= Cispius =

Cispius is the nomen of the Roman gens Cispia.

==Cispius Laevus==

The Mons Cispius, or Cispian Hill, is one of several summits of the Esquiline Hill in Rome. The grammarian Festus says that it was named for a Cispius Laevus of Anagnia, of the Publilia voting tribe (tribus). This Cispius may be legendary.

==Marcus Cispius==

Marcus Cispius was a tribune of the plebs in 57 BC, and was among those tribunes who actively supported Cicero in his efforts to overturn the legislation that brought about his exile. Earlier, however, Cicero had brought a civil suit in which he spoke against Cispius, his brother, and their father. Sometime after Cispius's tribunate, most likely in early 56, he was defended by Cicero on a charge of electoral corruption (ambitus) and convicted. Cicero calls him "a man of character and principle." The two men maintained their friendship in the 50s; in 55, Cicero wrote a letter of recommendation to the proconsul of Africa, Q. Valerius Orca, on behalf of men associated with Cispius. Cispius may have been a praetor sometime after 54.
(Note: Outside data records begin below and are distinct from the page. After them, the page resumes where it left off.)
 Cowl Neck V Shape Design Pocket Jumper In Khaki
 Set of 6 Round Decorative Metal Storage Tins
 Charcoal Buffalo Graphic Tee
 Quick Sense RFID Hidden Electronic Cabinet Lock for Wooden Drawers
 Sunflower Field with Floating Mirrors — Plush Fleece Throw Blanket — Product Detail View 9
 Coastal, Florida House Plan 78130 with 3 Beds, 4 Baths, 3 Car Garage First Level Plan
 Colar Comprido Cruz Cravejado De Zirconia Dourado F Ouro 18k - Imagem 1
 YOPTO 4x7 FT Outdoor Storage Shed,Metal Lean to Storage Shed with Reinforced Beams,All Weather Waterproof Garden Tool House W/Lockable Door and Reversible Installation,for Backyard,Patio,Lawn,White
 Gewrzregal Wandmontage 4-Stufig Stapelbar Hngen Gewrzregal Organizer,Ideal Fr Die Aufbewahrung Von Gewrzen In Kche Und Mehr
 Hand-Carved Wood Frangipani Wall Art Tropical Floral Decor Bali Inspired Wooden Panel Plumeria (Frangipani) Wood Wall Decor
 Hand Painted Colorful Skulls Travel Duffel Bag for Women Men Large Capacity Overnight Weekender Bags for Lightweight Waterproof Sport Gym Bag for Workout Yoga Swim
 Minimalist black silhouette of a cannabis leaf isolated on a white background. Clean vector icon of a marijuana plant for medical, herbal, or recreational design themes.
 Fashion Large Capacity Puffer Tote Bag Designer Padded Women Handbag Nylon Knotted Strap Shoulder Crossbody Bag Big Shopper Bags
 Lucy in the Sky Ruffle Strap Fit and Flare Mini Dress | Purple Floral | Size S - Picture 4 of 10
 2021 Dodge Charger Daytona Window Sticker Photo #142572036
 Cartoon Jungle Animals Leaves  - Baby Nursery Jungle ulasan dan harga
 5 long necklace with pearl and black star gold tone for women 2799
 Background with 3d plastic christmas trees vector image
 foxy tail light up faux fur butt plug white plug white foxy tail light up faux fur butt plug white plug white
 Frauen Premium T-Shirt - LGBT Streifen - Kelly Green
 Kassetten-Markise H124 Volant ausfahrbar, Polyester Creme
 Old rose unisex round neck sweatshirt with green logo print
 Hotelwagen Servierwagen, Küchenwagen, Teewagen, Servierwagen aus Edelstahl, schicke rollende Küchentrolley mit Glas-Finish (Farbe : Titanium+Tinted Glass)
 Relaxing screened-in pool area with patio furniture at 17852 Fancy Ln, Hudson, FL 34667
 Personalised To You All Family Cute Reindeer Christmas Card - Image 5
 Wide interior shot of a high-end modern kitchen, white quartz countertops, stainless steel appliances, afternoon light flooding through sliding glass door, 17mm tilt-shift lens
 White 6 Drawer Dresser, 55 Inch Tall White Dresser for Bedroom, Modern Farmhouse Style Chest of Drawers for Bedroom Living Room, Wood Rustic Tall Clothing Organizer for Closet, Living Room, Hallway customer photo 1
==Lucius Cispius (Laevus)==

Lucius Cispius, probably with the cognomen Laevus, was a commander of the fleet (praefectus classis) in 46 BC, serving under Julius Caesar. He took part in the blockade of Thapsus. Cispius was not of senatorial rank, and has been tentatively linked to a pottery manufacturing family in Arretium. It is possible that he was the son of Marcus Cispius (above), though this filiation would place them on opposite sides in the civil war. In 43, a Cispius Laevus was a legate of Munatius Plancus, carrying dispatches to Rome for him; this man was most likely Caesar's naval commander.